User-created branches in the monorepo are often misused

Currently we have 104 branches open in the monorepo:

  1. main
  2. 44 release branches
  3. 8 revert branches
  4. 41 user branches from 8 users who use SPR
  5. 10 user branches from 6 users that apparently don’t use SPR [1]

I find the rate of people who create user branches but don’t use SPR alarming, and would like to bring attention to this fact. I’m also wondering what are those 8 revert branches are, and why are they allowed. Counting branches, we have 18 branches that shouldn’t have been created in the first place, over the course of a month (presumably; I’m going to expand on this below).

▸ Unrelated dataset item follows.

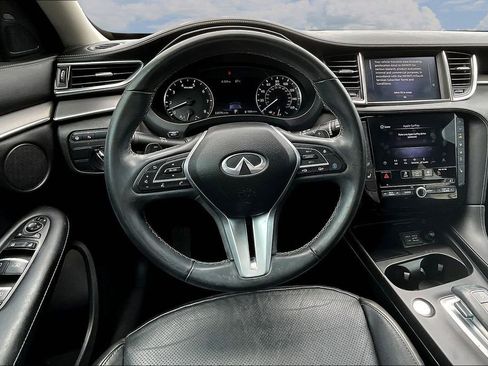 Used 2023 INFINITI QX50 Luxe FWD image 8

It’s not my intention to put any blame on creators of those branches, as git push doesn’t tell anyone how user branches are supposed to be used. But I’d like to call decision to enable branches in monorepo premature, which apparently was documented as a post buried in a long thread about GitHub PR. It wasn’t an RFC, and the way it’s phrased (“We have user-branches opened in the repo”) doesn’t give a clear message when this actually happened.

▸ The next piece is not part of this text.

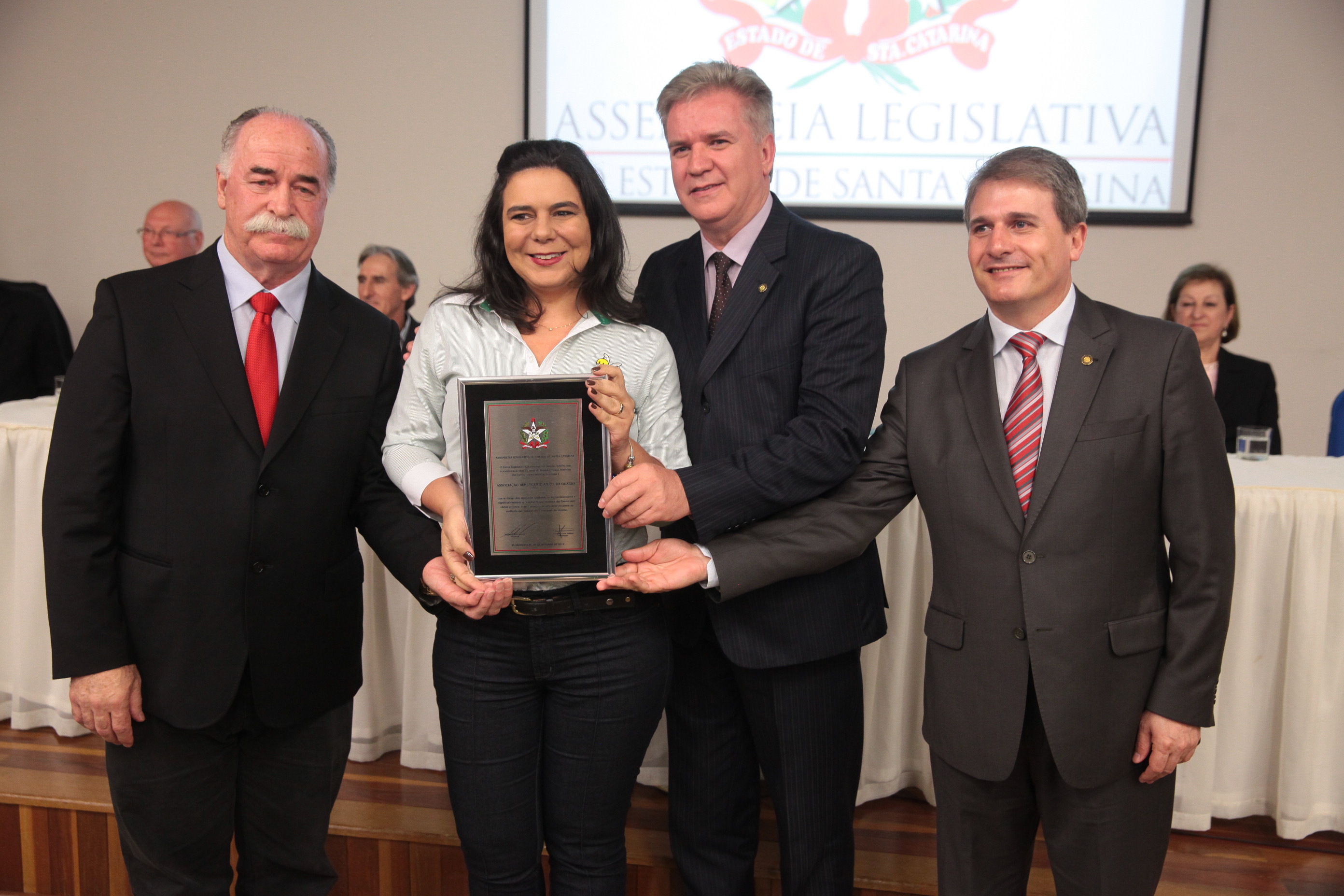 Sessão Solene em comemoração aos 70 anos de fundação do Hospital Nossa Senhora das Dores - Capinzal/SC.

I recognize that some projects in the monorepo need a solution for stacked PRs, and that there’s no good-all-around solution, but I see damage being done. One of the forms this damage manifests itself in is various git graph visualizers, that are becoming harder to comprehend as number of branches goes up. I’ve worked in monorepos with thousands of branches, and definitely don’t want LLVM to end up there.

If we really need users to be able to create branches, one of the ways forward might be to have an issue opened, where users can do that via a bot. This both gives us opportunity to tell people what branches in the monorepo are for, and gives a good place to ask about stale branches.

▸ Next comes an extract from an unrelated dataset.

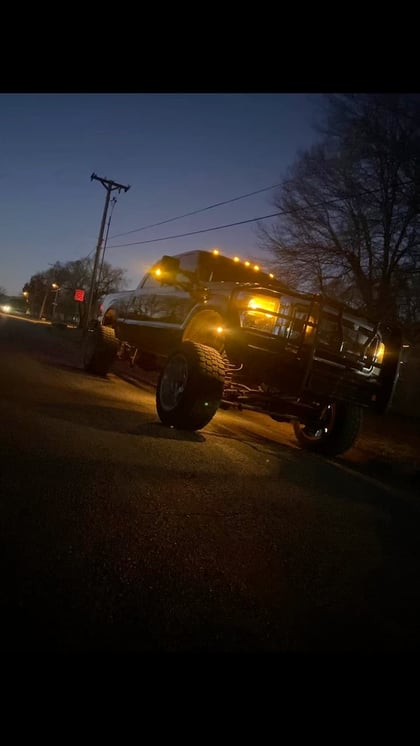 7.5 Inch Lifted 2011 Ford F-350 Super Duty 4WD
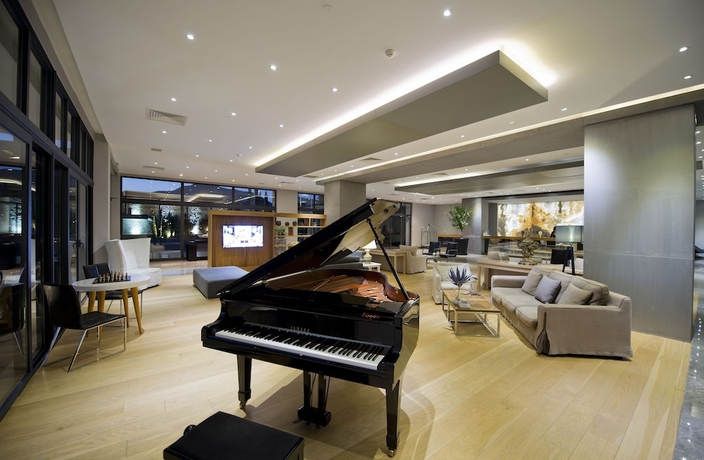 Imagen del bar/restaurante del Hotel Ramada Resort By Wyndham Bodrum. Foto 2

I propose to phase out ability to directly push branches in a timely fashion (think weeks, not months), as something that was done without a proper RFC, and is actively harmful. Then we can work on a solution that doesn’t make the whole community pay for something that is used by a rather small subset of contributors.

[1] I don’t know much about SPR, so I’ve been looking for spr in branch names and commit messages. This might not be the most way to count, so corrections are welcome.

CC @mehdi_amini @tstellar @akorobeynikov

3 Likes

I’ve been using user-branches to manage my stack manually, without relying on SPR or a tool. I haven’t looked at what people are doing here.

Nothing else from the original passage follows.